What is first class like on a high speed train in Germany? I had a chance to try first class recently on a Deutsche Bahn (DB) Intercity Express (ICE) high-speed train from Basel to Frankfurt, though perhaps my experience was a bit unusual.
I’ve used DB ICE for years and never bothered to pay the supplement for first class. This time, however, it just made sense.
ICE First Class Booking
Deutsche Bahn has an excellent website, not only for booking for you train travel from checking train schedules across Continental Europe. The app for iPhone is also excellent and highly recommended.
As often happens when leaving Germany, I find it easier to take a train to Frankfurt to begin my journey then start from Basel (where prices are higher) or drive to Zurich. Train schedules to Zurich are less frequent and I prefer FRA over ZRH, since upgrades and award space is usually easier.
For this trip, I wanted to spend the entire Sunday with my family, then get up to Frankfurt in time for an early flight on Monday. That mean the dreaded overnight train. Germany offers many “Nachtzug” trains (trains specially intended or overnight service with sleepers). This was not one of those routes. Instead, this was a typical ICE train that has seats that are more akin to traveling economy class (i.e., not roomy like Amtrak in the USA).
But look at the price the day before:
I’ve never seen a ticket that cheap…and then I noticed the first class upgrade was only 10EUR.
It was an easy choice to book first class, if for nothing else than first class is generally not as crowded as second class.
First Class bookings come with a seat assignment included (you pay extra for one in second class) and I was able to pull up a seat map and choose my preferred seat. The cabin looked empty!
After confirming my seat, I was able to pay by credit card and issue the ticket immediately, then download a .pdf to my computer and a mobile ticket on the DB app.
ICE First Class Onboard Experience
My wife accompanied me to the Basel Bad Station and kissed me goodbye as I boarded the train. I smiled because I had the entire carriage to myself. That wouldn’t be the case the entire journey, as more passengers are picked up as the train travels north, but this was definitely already worth the extra 10EUR, just for the peace and quiet.
The seats are the same as in second class, but covered in faux leather instead of cloth and in a 1-2 configuration instead of a 2-2 configuration.
Complimentary newspapers and magazines were available.
I noticed that the six-seat compartments were empty and decided to spread out in one, creating a “poor man’s first class”. It was a cold night and I appreciated temperature and lighting controls to heat up the cabin and make it dark.
We departed on-time and soon a conductor entered my cabin and scanned my ticket. With that, I fell asleep and managed to get nearly four hours of sleep before arriving in Frankfurt (yes, I sent multiple alarms to ensure I would not sleep past my stop). The compartment stayed empty the entire journey.
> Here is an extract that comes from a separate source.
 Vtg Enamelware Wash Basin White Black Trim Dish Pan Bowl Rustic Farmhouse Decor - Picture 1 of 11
While I don’t have experience traveling on a train in first class on regular basis, I’ve never been on a train so empty in second class. 10EUR for a short, albeit solid night’s rest? What a great deal!
If you are traveling with luggage, there are no checked bags, but plenty of space above seats and in between rows to store bags.
ICE First Class Dining
ICE trains feature a dining car onboard. While I slept through this journey, I wanted to share pictures from a meal I had on a previous journey.
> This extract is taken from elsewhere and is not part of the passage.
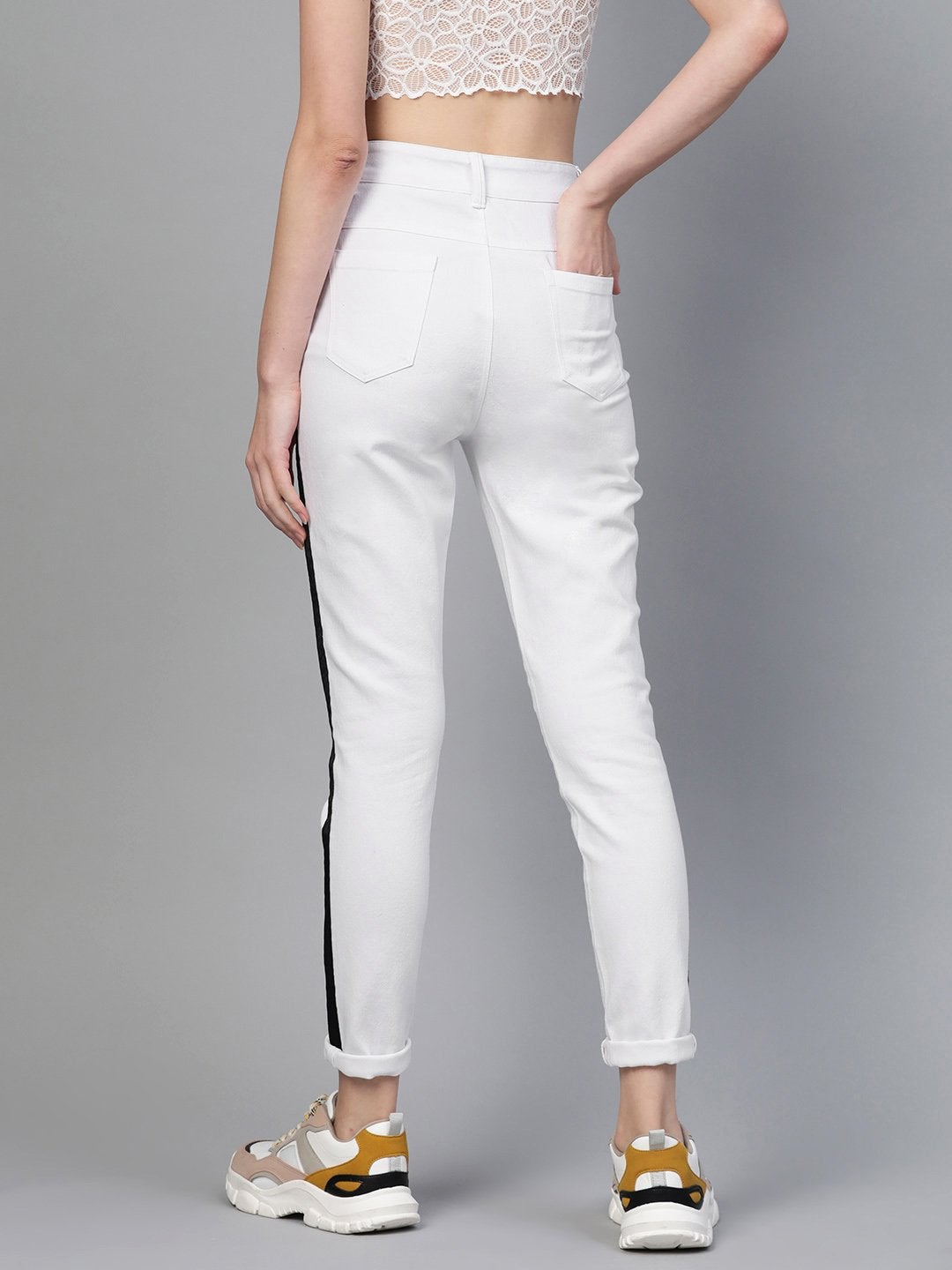 Women's White Side Tape Jeans - SASSAFRAS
First Class does not receive complimentary food (except on ICE trains to France in cooperation with TGV), but you can order food and drinks at your seat. If you are traveling in Second Class, you must visit the café or dining car to order food.
Here’s the current menu:
On a previous trip, my wife and I had lunch onboard, splitting maultaschen with salad. I’m a picky maultaschen (a Schwabish dish with an outer-layer of pasta dough and a filling of minced meat, spinach, bread crumbs and onions) eater and this was very tasty.
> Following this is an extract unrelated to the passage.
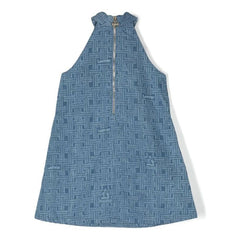 Logo Print Denim Dress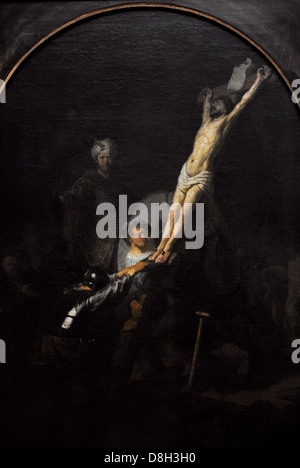 Rembrandt Harmenszoon van Rijn (1606-1669) Dutch painter and etcher.The raising of the cross. Alte Pinakothek. Munich. Germany. Stock Photo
I look forward to dining on ICE again on a future journey.
This was literally the best 10EUR I’ve ever spent. If you see an upgrade for that cheap, grab it. Overall, I’ve run into several delays over the years on DB…the train certainly does not always run on time. But I’ve come to appreciate DB and suddenly am a big fan of the first class product, even if the hard product isn’t that much different.
Have you traveled on DB ICE in first class?